Data Generation Strategies

Good, scalable, database performance is largely about putting the data in the right place, being able to access it efficiently, and avoiding unnecessary overheads. At the end of the previous article, I had given myself the task of building a large data set quickly so that I could start examining some of the strategies for data placement in SQL Server 2008 to identify their strengths and weaknesses.

Initially all I wanted to do was emulate the action of an SQL statement I often use in Oracle to generate a few million rows of data, and this article is the story of my wanderings through the SQL Server landscape to find a reasonable, though not necessarily perfect, way of generating the type of data I needed.

A Million Row Table: the Oracle way

Although this was discussed in some detail in Part 1, Listing 1 demonstrates, in Oracle code, the sort of data generation code I was aiming for.

execute dbms_random.seed(0)

create table t1

with generator as (

select rownum id

from dual

connect by

rownum <= 1000

)

select

rownum id,

trunc((rownum-1)/50) clustered,

mod(rownum,20000) scattered,

trunc(dbms_random.value(0,20000)) randomized,

trunc(sysdate) + dbms_random.value(-180, 180) random_date,

dbms_random.string('l',6) random_string,

lpad(rownum,10,0) vc_small,

rpad('x',100,'x') vc_padding

from

generator g1,

generator g2

where

rownum <= 1000000

;

alter table t1 add constraint t1_pk primary key(id);

create index t1_clu on t1(clustered);

create index t1_sca on t1(scattered);

create index t1_ran on t1(randomized);

create index t1_dat on t1(random_date);

create index t1_str on t1(random_string);

Listing 1: Generating a million row table in Oracle

This example is going to give me 1,000,000 rows of data in a simple heap table, with six B-tree indexes, one of which is built implicitly by the addition of the primary key constraint. I have a primary key that has been generated by the pseudo-column rownum, a column of randomly generated strings that will be upper case (‘U’) and six characters in length, a column of randomly generated dates (with time to the nearest second) covering 360 days and centered on “today”, and three numeric columns that are going to hold 20,000 distinct integer values with 50 rows of each value (although that’s an approximation for the column called “randomized”). I needed numeric columns with different patterns in their data distribution because data location has a big impact on the work needed to access the data. I’ve also included a couple of simple character columns, one small, one larger, to make the row lengths look as if they might represent some realistic data and to give me something that isn’t indexed that I can select or update.

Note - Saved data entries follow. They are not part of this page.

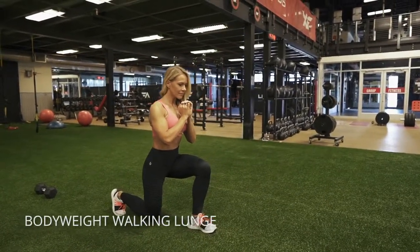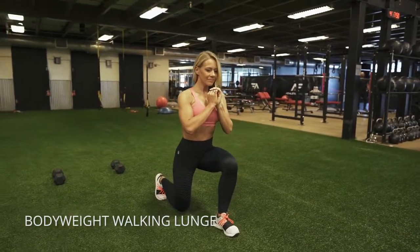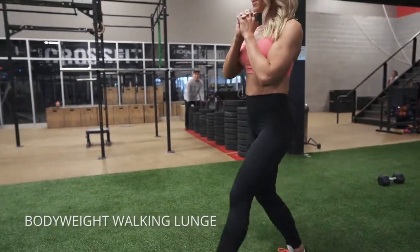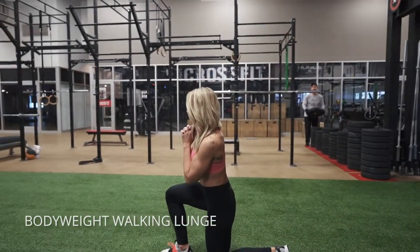Walking lunges — these are so good. I'm showing you the position that you want to be in at the bottom of each lunge. Keep your knee outside of your big toe and keep everything stacked. Knees are over ankles, hips are over knees, and take time to feel that out, to really get a feel for it before you start just going at it.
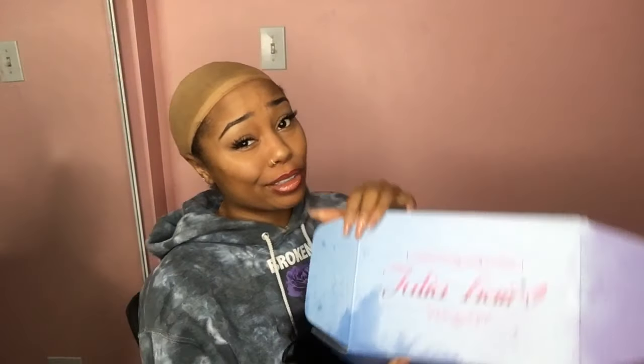So today, my nails hurt. I am going to be reviewing for Julia Hair. In the box comes just a plain old wig cap. If y'all knew how many wig caps I have, I think y'all would probably laugh.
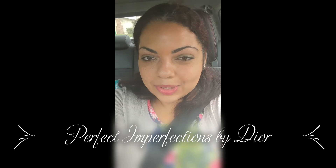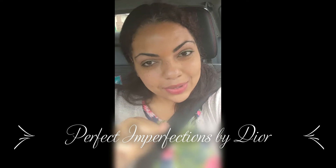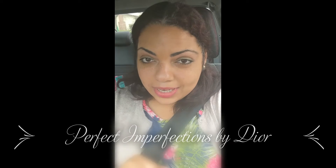Hi, and welcome to Perfect Imperfections by Dior. I just ran errands and I'm tired. My hair is messed up from putting on and taking off my mask and I'm like really close to home, but I just stopped by Dollar Tree. I don't know why all on my Facebook, all on my recipes and stuff that I've been watching, Strawberry Shortcake keeps coming up.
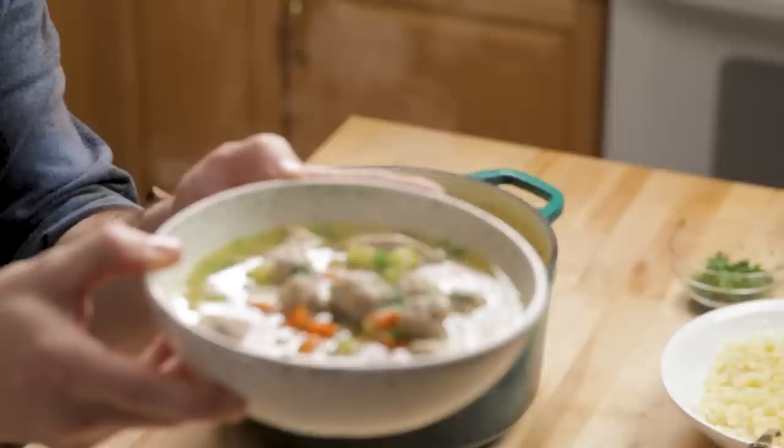Today we're going to make a chicken noodle soup with tiny meatballs. I love this one. It's really easy and perfect for when it's cold out, but really could have this anytime of year. All the ingredients are over here, let's get to prepping everything right now.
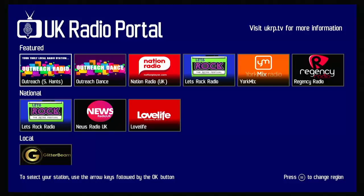So there you go — that guide showed you how to get the UK Radio Portal on your Fire TV Stick. It's also available on selected internet-connected TVs on Channel 271 on Freeview in the UK.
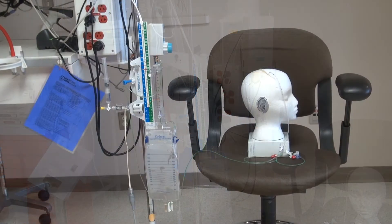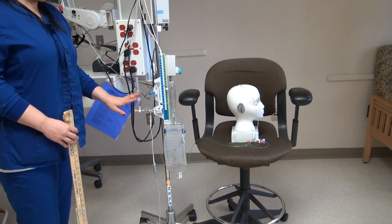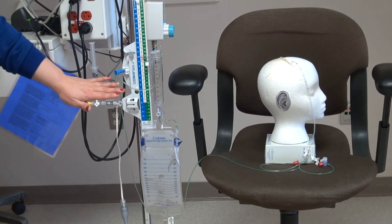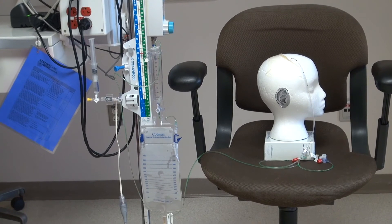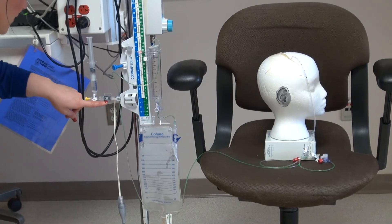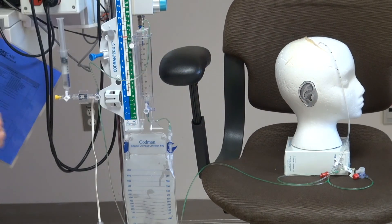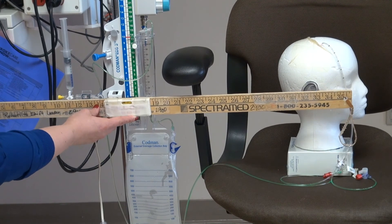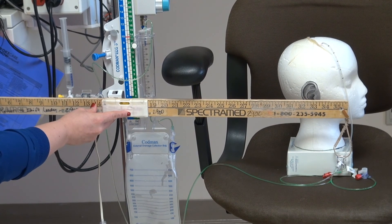For this segment, we are concentrating on leveling our EVD. Our patient already has a drain set up. Anytime we manipulate our patient up in the bed, we have to actually re-level it. Anytime we travel with the patient or lay the patient flat, we do need to temporarily clamp the drain. We want to make sure that our transducer and our stopcock is level with the patient's EAC or tragus, and we actually have a level for that. We want to make sure that this bubble is what we focus on, and this is the correct positioning right here.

Running this code on a small 2.0 GHz laptop, it takes about one minute to create the table, and about eight seconds for each index (mostly time spent re-reading table blocks). If I remove all the columns that make use of the use dbms_random package the time to create the table drops to about 7 seconds, so in practice I make sure that I don’t generate any columns or indexes that I don’t really need, for any given test.

Finally, it’s worth noting that Oracle, unlike SQL Server, has to be explicitly instructed to collect statistics about a table after it has been created, although it does collect statistics on the indexes as you create them. As such, I’ve missed out a step in my code that would be critical to Oracle’s Cost Based Optimizer.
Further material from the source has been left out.